A Label Forwarding Information Base (LFIB) is a subset of a Label Information Base (LIB). The LFIB contains an incoming label, an outgoing label, a next hop and an outgoing interface. The LFIB contains what is actually being used to forward packets via label swapping, whereas the LIB contains all possible routes (generated by the underlying routing Link State Protocol) with labels already assigned (assuming frame mode MPLS). The LFIB has only routes that are considered “best” by the routing protocols. The LIB has IP information, label and interface information, but no indication of which is the shortest path to the given destination. Any route in the LFIB will also be in the LIB, but not the other way around.
The industry has standardized on a few Inter-Autonomous System (AS) models that the service providers may deploy.
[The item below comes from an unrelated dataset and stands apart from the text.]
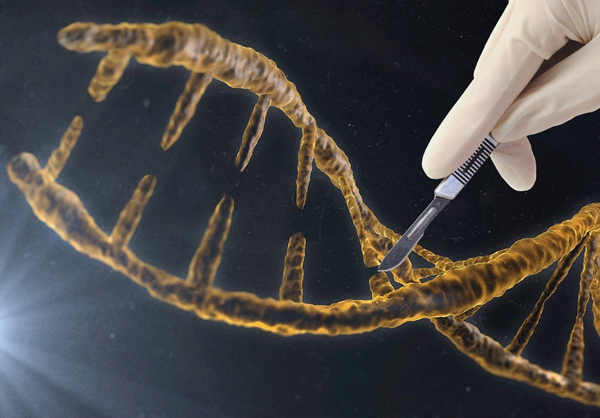 2015年基因编辑技术重大成果：首次修改人类胚胎基因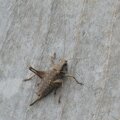 Dark bush-cricket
The current industry standards for Inter-AS solutions include the models defined as 10 a (also referred to as option A), 10 b (also referred to as option B), and 10 c.
The first model defined and deployed by many service providers is the 10 a model. The 10 a model requires the provider to build on their ASBR a VRF per VPN, a unique peering interface per VRF, and a unique routing process per VRF. The peer ASBR does the same thereby creating a one-for-one relationship between the two ASBR's. The advantages of the 10 a model include discrete interfaces facilitating QoS mechanisms and explicit resource management methods that protect the memory and processing resources. Likewise, the exposure of the ASBR and the attached network is limited.
The second model defined and deployed by a few service providers is the 10 b model. The 10 b model only requires the provider to build a single interface for each peer and a single routing process on the interface. The routing process (MP-BGP) is able to maintain the segregation of VPN prefixes without having to use discrete VRF's per VPN. The advantages include less memory consumption for the routing prefixes and interfaces, less processor consumption for the routing process, and automatic VPN session binding between the ASBR's.
The third model defined and rarely deployed by service providers is the 10 c method. The 10 c model only requires the provider to build a single interface for each peer and a single routing process on the interface. A routing process (MP-BGP) is able to maintain the segregation of VPN prefixes without requiring a presence on the ASBR. The advantages include even less memory consumption for the routing prefixes since the VPN prefixes are passed around the ASBR. The ASBR has even less processor consumption since the ASBR serves as a core device providing connectivity between the two AS's.
The two most commonly used models—10 a and 10 b—have orthogonal capabilities. Where 10 a is strong, 10 b is weak and vice-a-versa. Table 1 provides a synopsis of the existing solutions.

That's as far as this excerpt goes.